_Task prompt_:
Of the lines below, copy those that hold the word "weißem".

_Given records_:
Start of Block

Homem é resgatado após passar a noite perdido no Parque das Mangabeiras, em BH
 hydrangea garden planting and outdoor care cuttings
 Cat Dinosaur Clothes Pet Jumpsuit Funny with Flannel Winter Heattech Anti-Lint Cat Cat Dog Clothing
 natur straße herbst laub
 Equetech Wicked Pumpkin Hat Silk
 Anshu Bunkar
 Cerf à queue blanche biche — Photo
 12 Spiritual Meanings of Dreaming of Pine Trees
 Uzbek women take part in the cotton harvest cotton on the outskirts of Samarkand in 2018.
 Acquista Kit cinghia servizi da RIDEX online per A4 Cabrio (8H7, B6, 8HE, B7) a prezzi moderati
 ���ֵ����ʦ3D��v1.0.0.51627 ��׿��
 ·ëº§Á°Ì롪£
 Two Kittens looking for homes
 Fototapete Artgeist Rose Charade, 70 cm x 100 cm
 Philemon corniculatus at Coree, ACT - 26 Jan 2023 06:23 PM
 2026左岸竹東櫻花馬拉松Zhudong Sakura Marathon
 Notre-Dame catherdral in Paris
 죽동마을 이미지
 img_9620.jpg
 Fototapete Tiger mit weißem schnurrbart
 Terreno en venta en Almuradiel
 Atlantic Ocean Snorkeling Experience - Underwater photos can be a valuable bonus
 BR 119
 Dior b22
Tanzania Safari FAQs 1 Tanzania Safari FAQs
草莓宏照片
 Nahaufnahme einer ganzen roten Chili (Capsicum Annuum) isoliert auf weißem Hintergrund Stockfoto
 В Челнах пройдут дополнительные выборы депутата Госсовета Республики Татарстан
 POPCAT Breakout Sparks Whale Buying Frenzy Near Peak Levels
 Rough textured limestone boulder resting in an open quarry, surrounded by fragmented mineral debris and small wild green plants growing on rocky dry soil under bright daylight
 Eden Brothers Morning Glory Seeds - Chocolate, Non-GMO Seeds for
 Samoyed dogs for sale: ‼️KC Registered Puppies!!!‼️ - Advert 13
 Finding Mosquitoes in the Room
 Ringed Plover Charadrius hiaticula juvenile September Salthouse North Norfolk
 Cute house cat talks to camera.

End of Block

_The completed task_:
 Fototapete Tiger mit weißem schnurrbart
 Nahaufnahme einer ganzen roten Chili (Capsicum Annuum) isoliert auf weißem Hintergrund Stockfoto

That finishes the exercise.